> _Task instructions_
Return only the lines of the data below from the line with "Złoty pierścionek zaręczynowy" up to and including the line with "Christmas Door Cover", exactly as written, with the pictures omitted.

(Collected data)
══════════

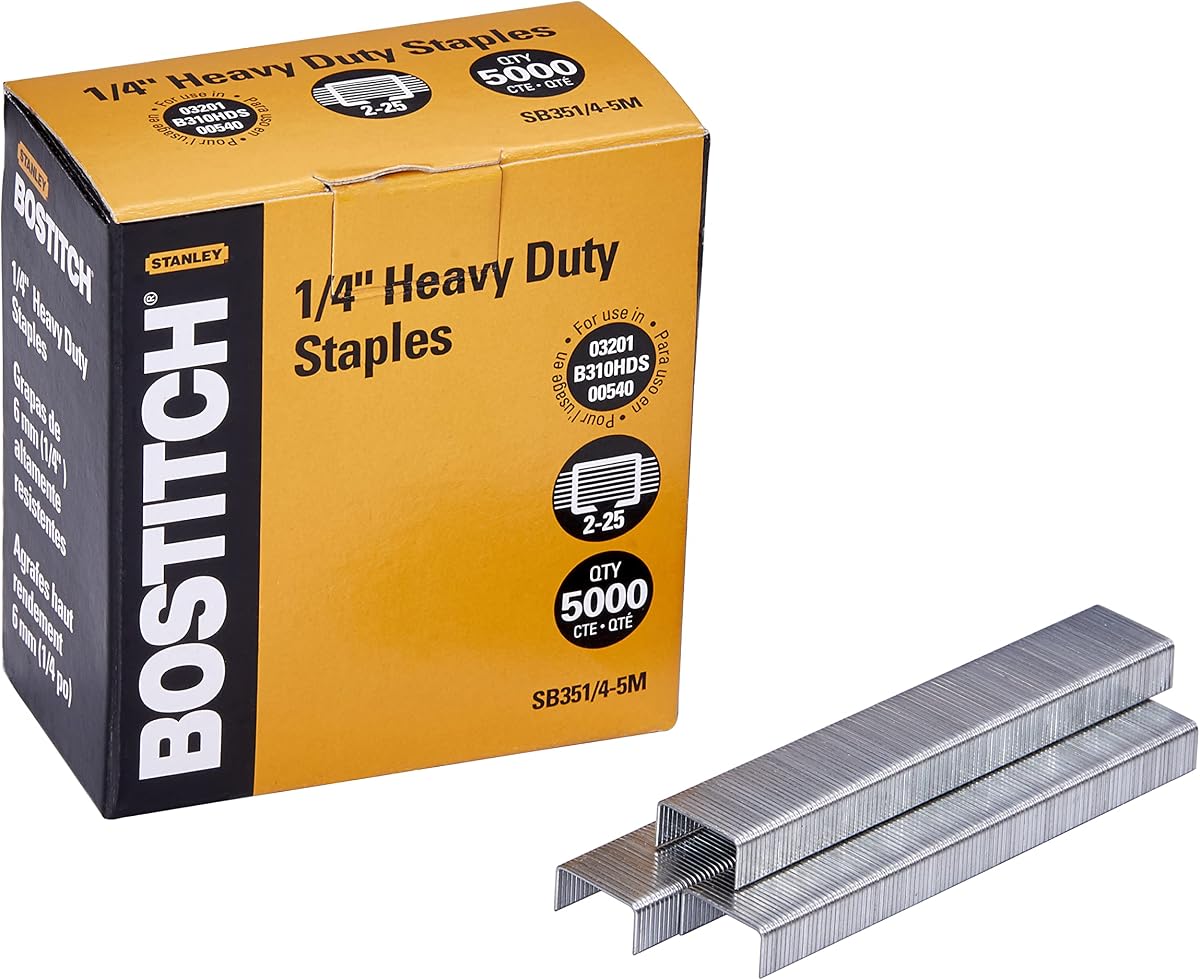 Grapas de oficina de alta calidad, 2-25 hojas, pierna de 0.25 pulgadas, 5,000 por caja (SB351/4-5M)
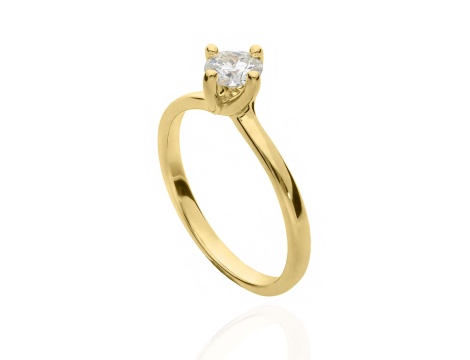 Złoty pierścionek zaręczynowy próby 0,585 z brylantem 0,57 ct - 2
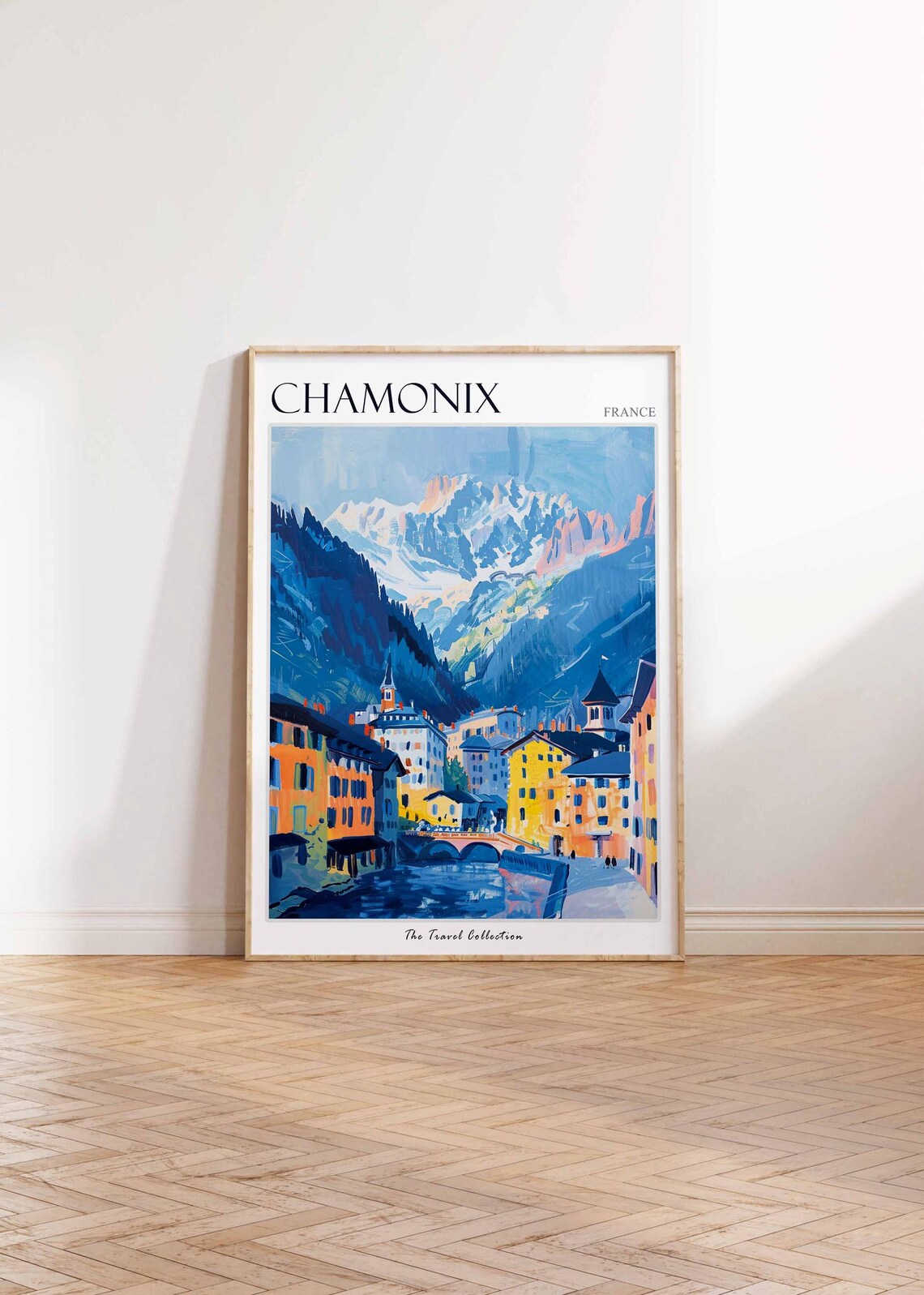 Chamonix France Alpine Town Snowy Peaks Valley Travel Poster - Image 2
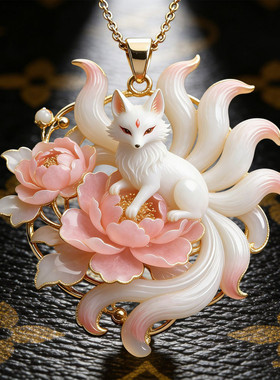 九尾狐花雕项链古风正品民族玉石奢华宫廷国风精致显气质中式古典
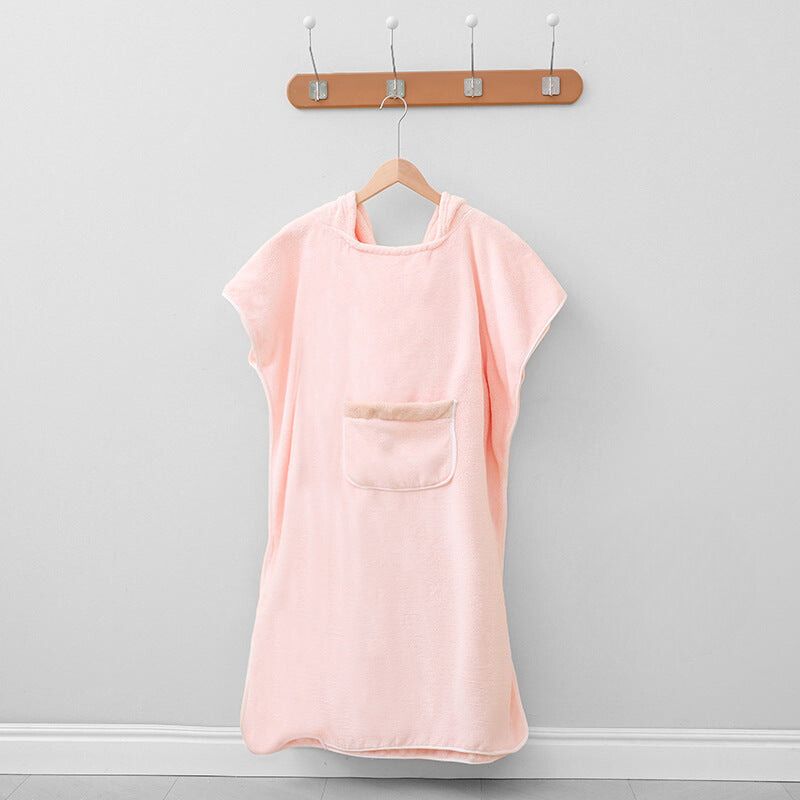 Ultramjuk fleeceponcho med huva – Snabbtorkande unisex bad- och spa-morgonrock MILA Sverige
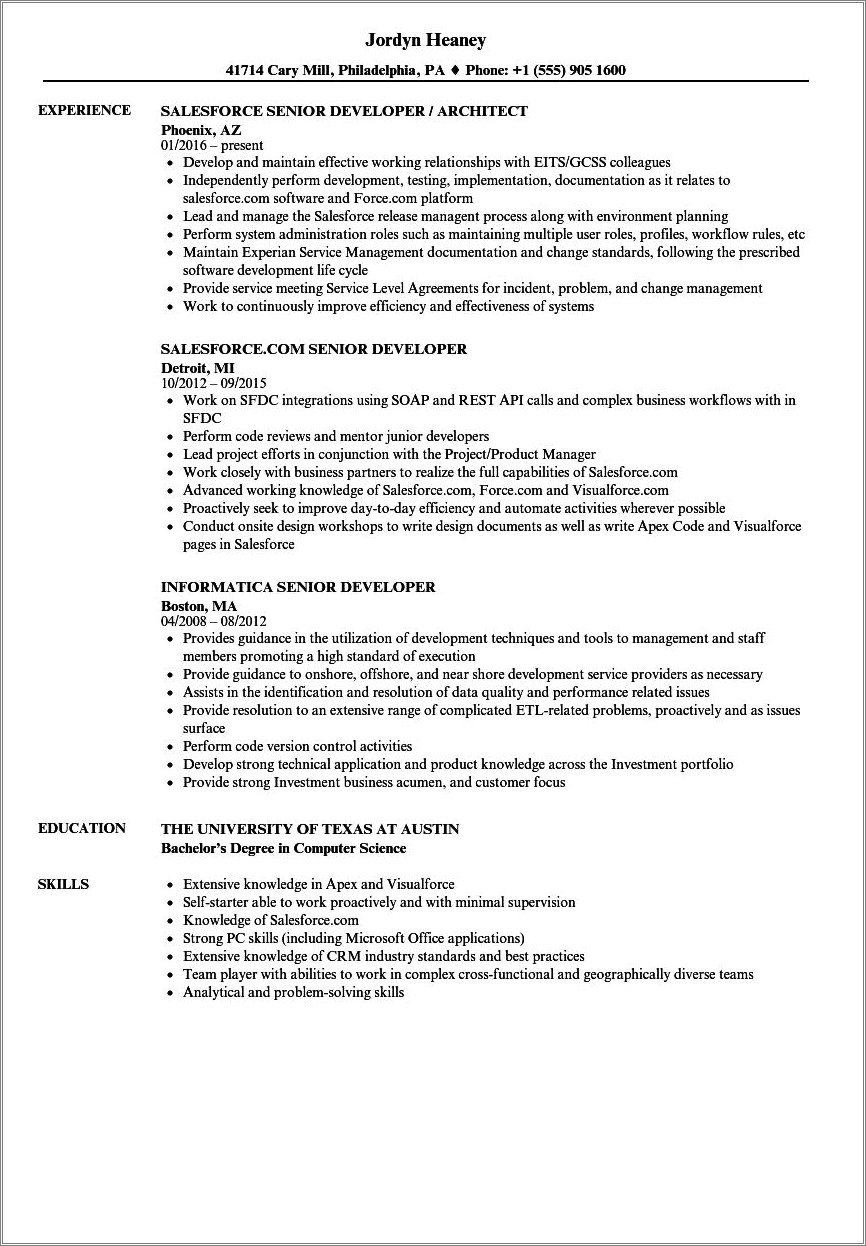 Com Experience In C++ Resume Hire It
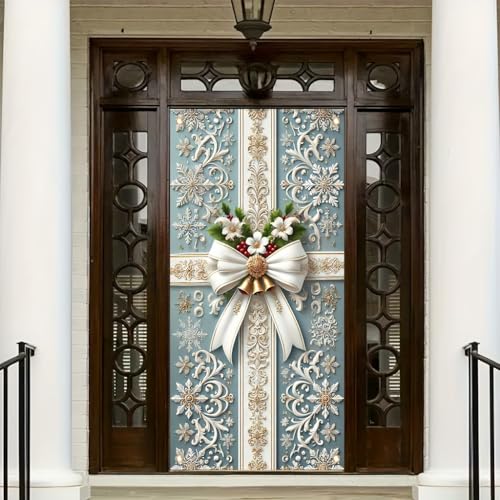 Christmas Door Cover Elegant White Bow Flowers Gold Bells 71x35 Inch - TOMHONG, Variation: Christmas Elegant Bow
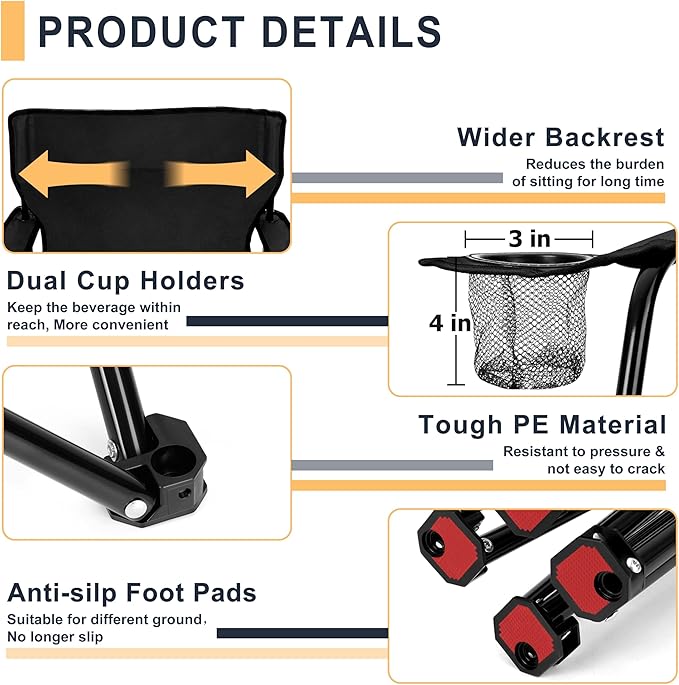 Joyfair Portable Camping Chair, Outdoor Lawn Folding Chairs for Adults, Heavy Duty Large Foldable Chairs for Beach, Fishing, Tailgating Outdoor Sport, 2 Cup Holders & Carry Bag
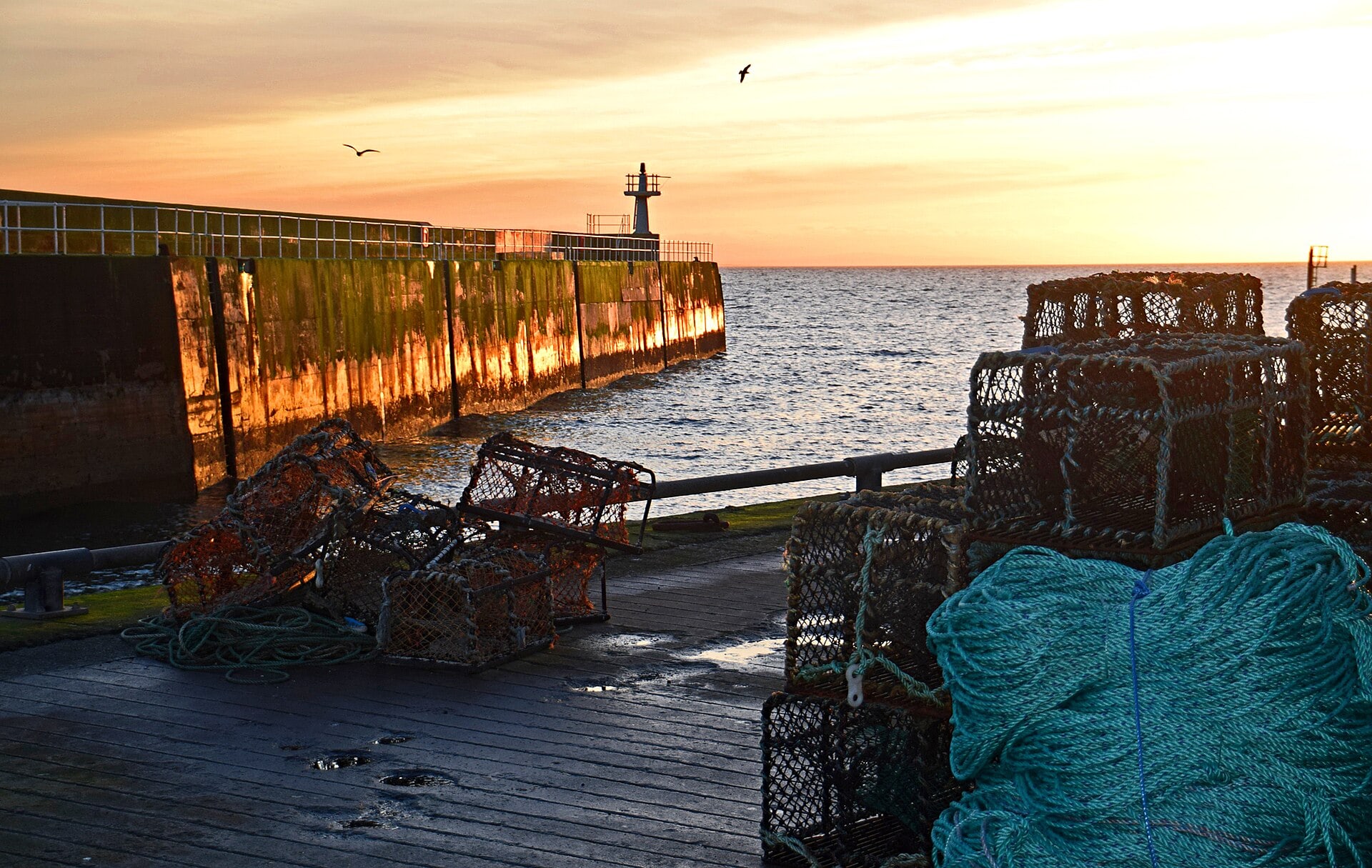 Creels and harbour wall at Pittenweem in the East Neuk of Fife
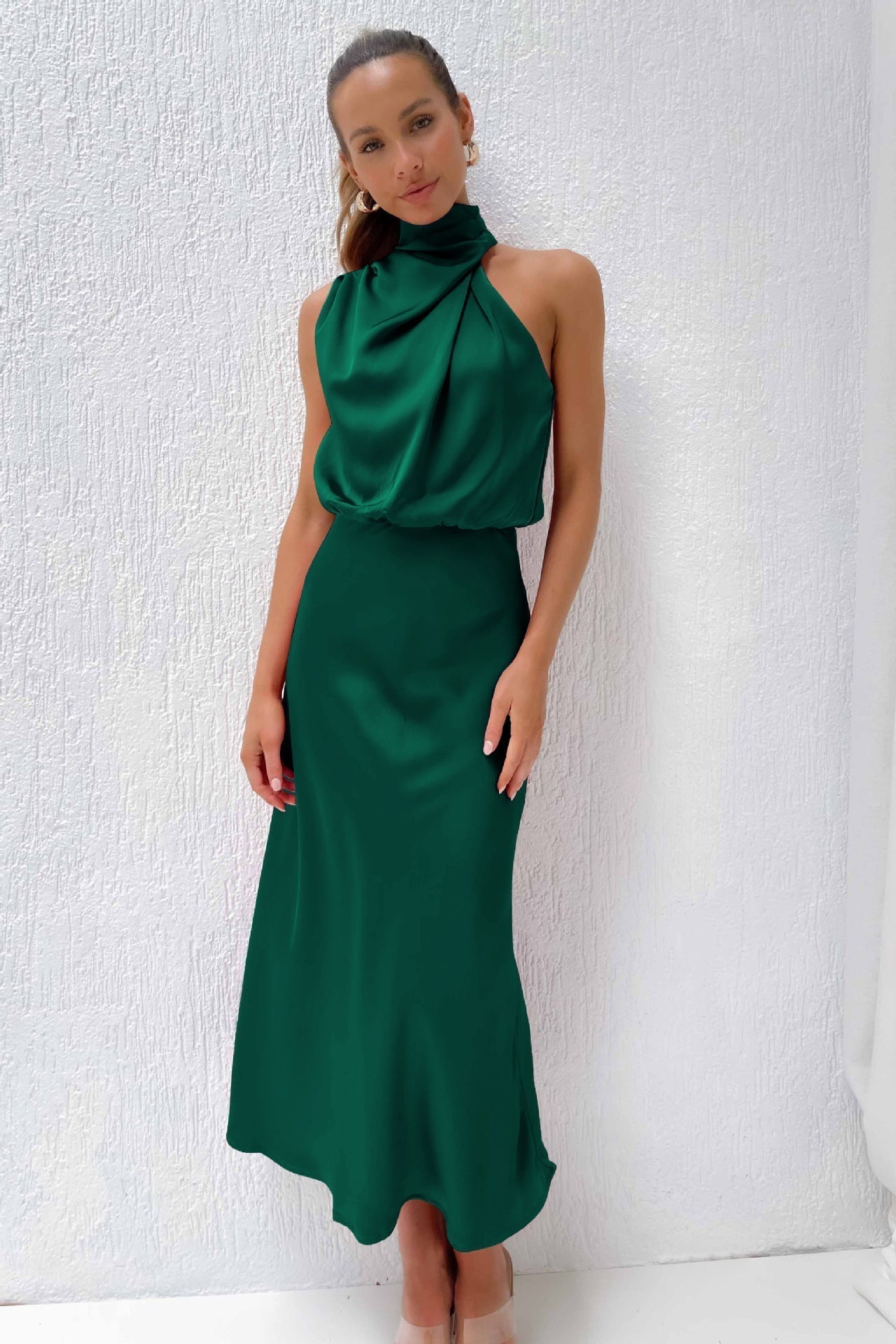 Women's Satin Halter Midi Dress – Sleeveless Wedding Guest & Cocktail Dress for Summer Events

══════════

> _Solution to this problem_
 Złoty pierścionek zaręczynowy próby 0,585 z brylantem 0,57 ct - 2
 Chamonix France Alpine Town Snowy Peaks Valley Travel Poster - Image 2
 九尾狐花雕项链古风正品民族玉石奢华宫廷国风精致显气质中式古典
 Ultramjuk fleeceponcho med huva – Snabbtorkande unisex bad- och spa-morgonrock MILA Sverige
 Com Experience In C++ Resume Hire It
 Christmas Door Cover Elegant White Bow Flowers Gold Bells 71x35 Inch - TOMHONG, Variation: Christmas Elegant Bow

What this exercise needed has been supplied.